Inequality, Justice & History
COURSE DESCRIPTION:
Despite thousands of years of evolution and refinement in the art of statecraft and governance, the formation, organisation, preservation, and optimisation of the political community (i.e. the body politic) remain the supreme challenge of civilised life. Indeed, archaic questions such as what is a political community, what are the ends and duties of a society, what constitutes a just and fair political order, and what are the rights and obligations of the citizen still resound with undiminished stridency to this day. In this course, we will attempt to tackle some of these hefty questions through the eyes of such prominent thinkers as Aristotle and Jean-Jacques Rousseau, whose innovative treatises on social equality and political justice hold as much promise as they do problem. Just as important, we will consider how group psychology can affect and direct the (mis)carriage of political will and justice – occasionally even the restructuring of the social order – in the absence of rational agency or countervailing authority. Seeing how germane the upheavals of the French Revolution are to our reflections on inequality, justice, crowd psychology, and political reformation, the course will train its remaining attention on Charles Dickens’s masterful piece of historical fiction, A Tale of Two Cities (1859). Finally, to complete the tripartite theme of this term module, we will examine the metaphysics, hermeneutics, referentiality, appropriations, and misappropriations of history in the novelist’s retrospective reimagining of that watershed moment in European history. (To ensure positive learning outcomes, students will be assessed on their in-class presentations and end-of-term papers.)
PRIMARY READING TEXTS:
Aristotle. Politics. 2 nd Edn. Trans. with intro. by Carnes Lord. Chicago: U of Chicago P, 2013.

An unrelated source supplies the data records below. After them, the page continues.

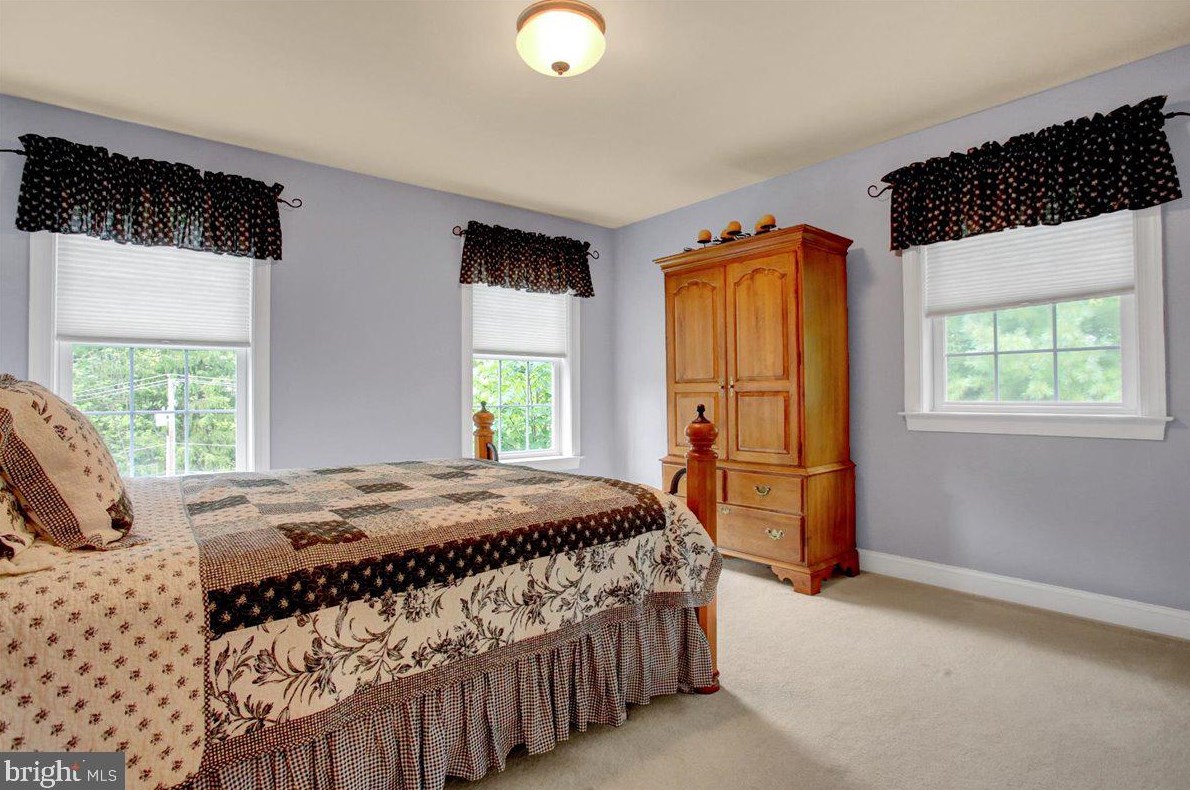 649 Madison St, Hummels Store PA 19540-1104 exterior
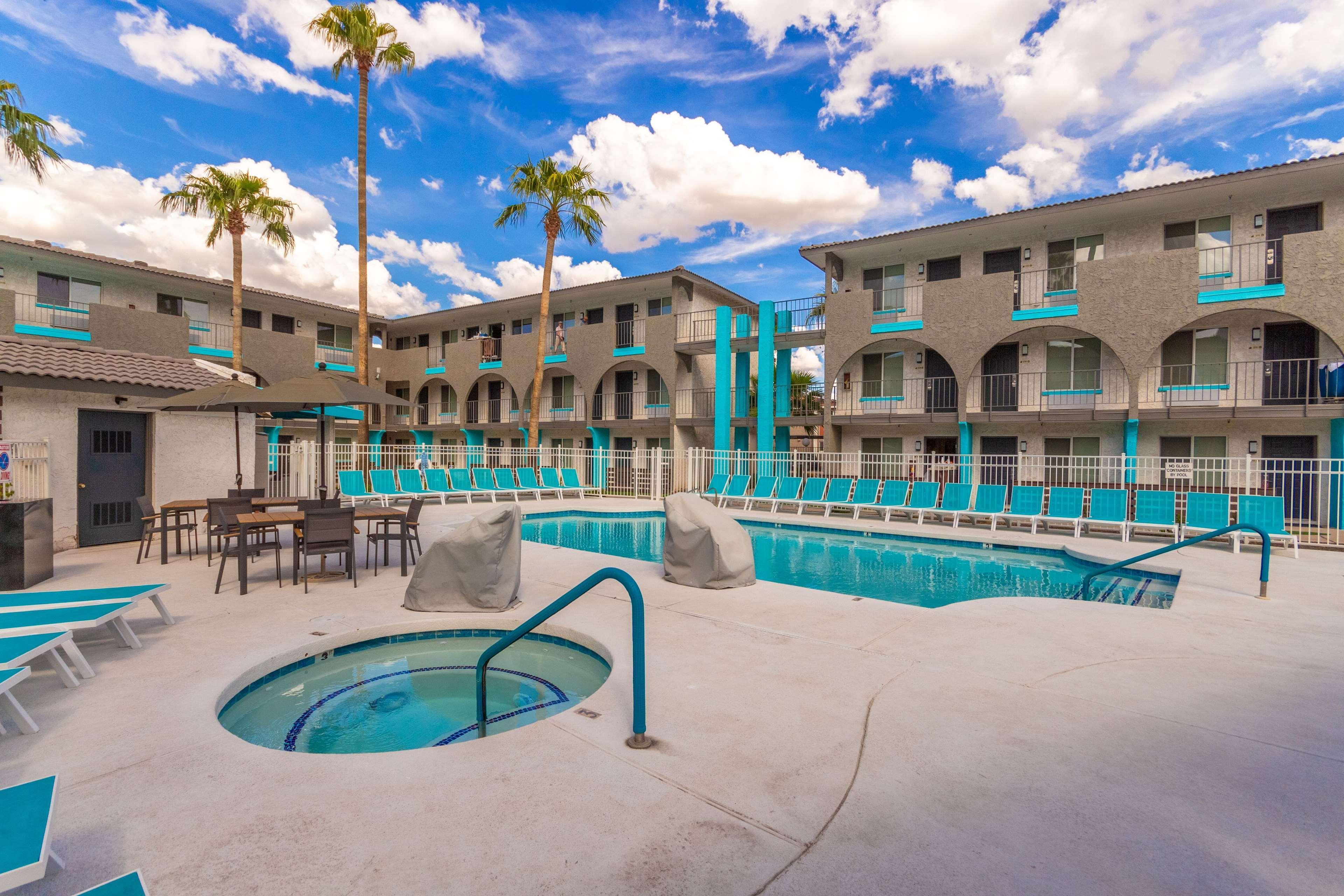 Hotel Bixby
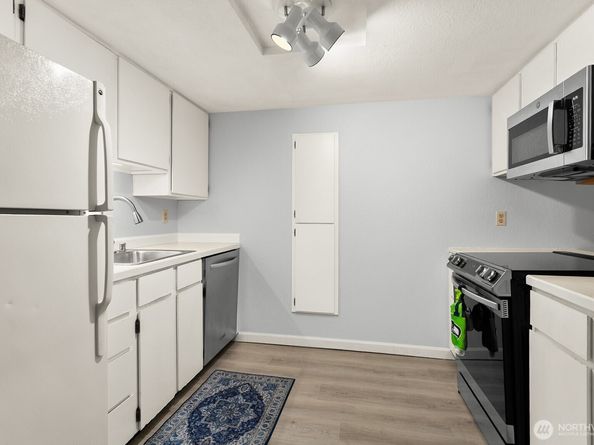 19818 15th Avenue NE 204, Shoreline WA 98155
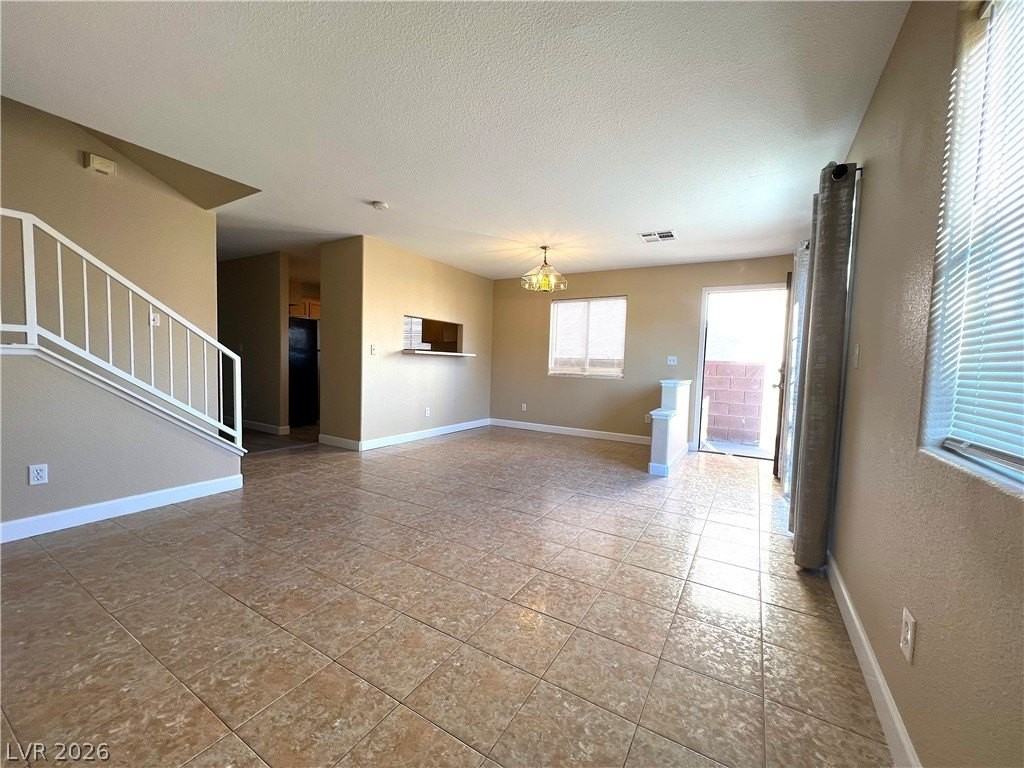 5555 Leaning Oak Ave - Photo 3 of 36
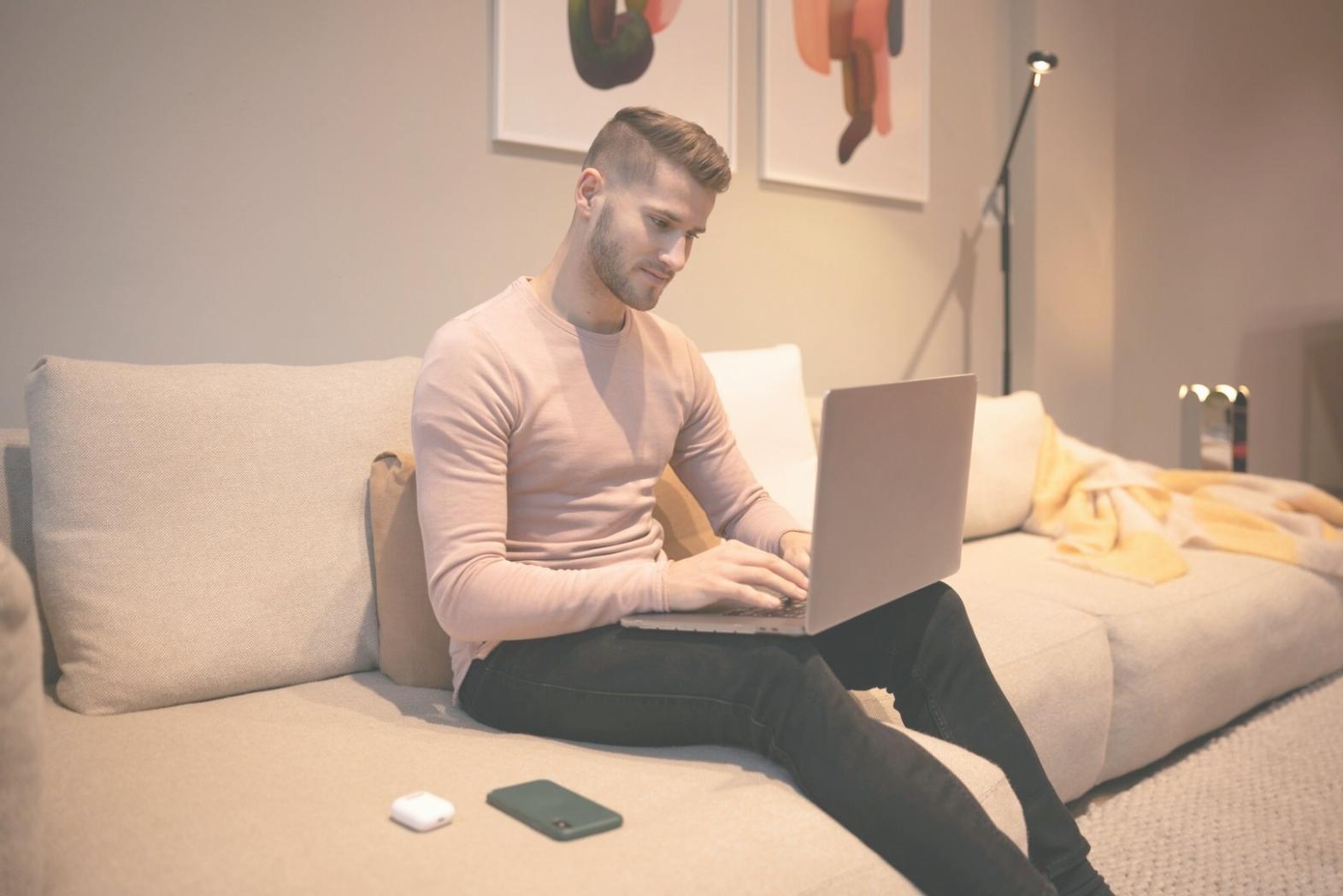 Modernes Büro mit Teamarbeit und Finanzplanung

Dickens, Charles. A Tale of Two Cities. Ed. with intro. by Andrew Sanders. Oxford: OUP, 2008.
Le Bon, Gustave. The Crowd: A Study of the Popular Mind. Mineola, NY: Dover Publications, 2002.
Locke, John. Two Treatises of Government. Ed. with intro. by Peter Laslett. Cambridge: CUP, 2008.
Rousseau, Jean-Jacques. Discourse on the Origin of Inequality. Mineola, NY: Dover Publications, 2004.
— Discourse on Political Economy and The Social Contract. Trans. with intro. by Christopher Betts. Oxford: OUP, 2008.
Sanders, Andrew. Charles Dickens. Oxford: OUP, 2003.